>>
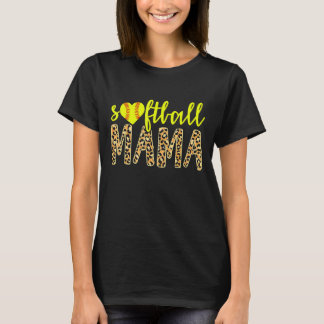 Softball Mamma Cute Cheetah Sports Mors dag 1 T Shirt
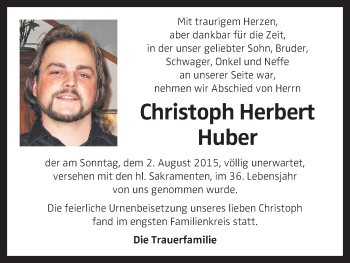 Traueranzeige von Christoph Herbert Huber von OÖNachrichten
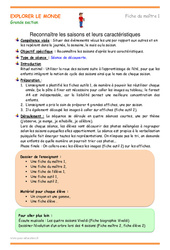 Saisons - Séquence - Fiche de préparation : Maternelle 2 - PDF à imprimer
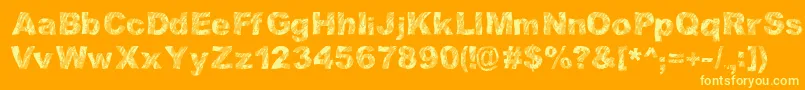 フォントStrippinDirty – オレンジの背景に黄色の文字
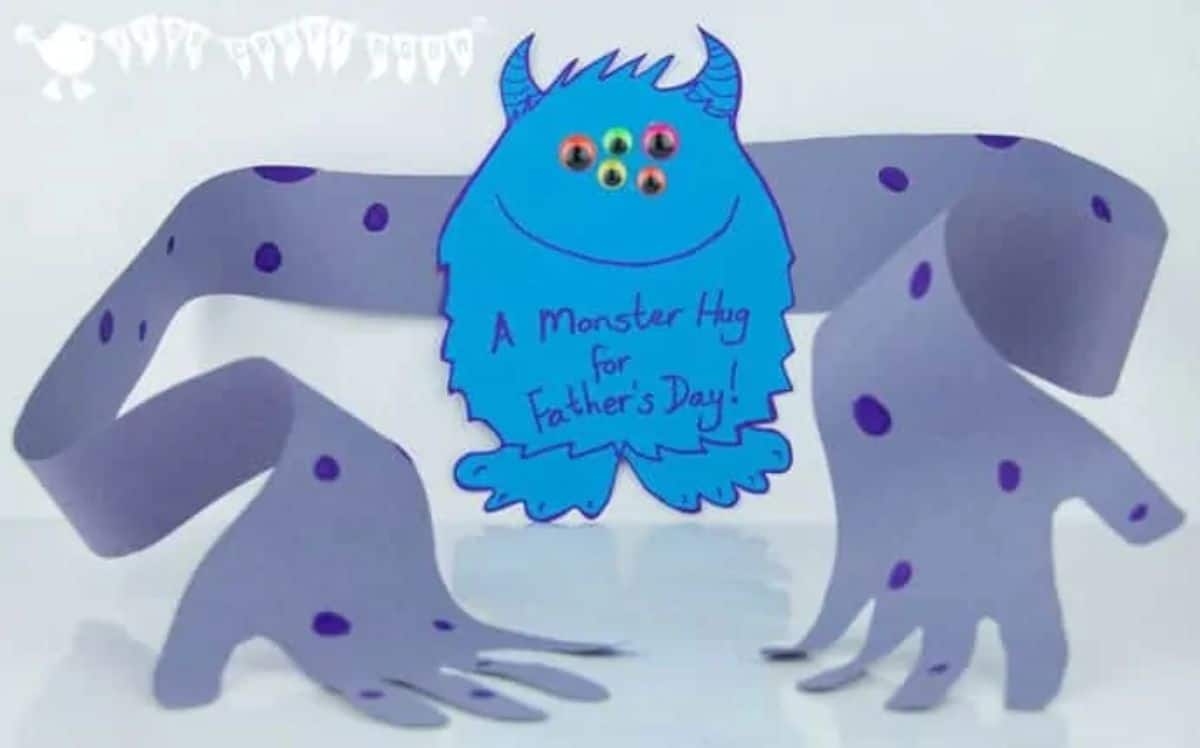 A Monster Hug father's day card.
<<
#### Problem details
Would you return the data above exactly as written, minus the images?

#### Answer to this exercise
 Softball Mamma Cute Cheetah Sports Mors dag 1 T Shirt
 Traueranzeige von Christoph Herbert Huber von OÖNachrichten
 Saisons - Séquence - Fiche de préparation : Maternelle 2 - PDF à imprimer
 フォントStrippinDirty – オレンジの背景に黄色の文字
 A Monster Hug father's day card.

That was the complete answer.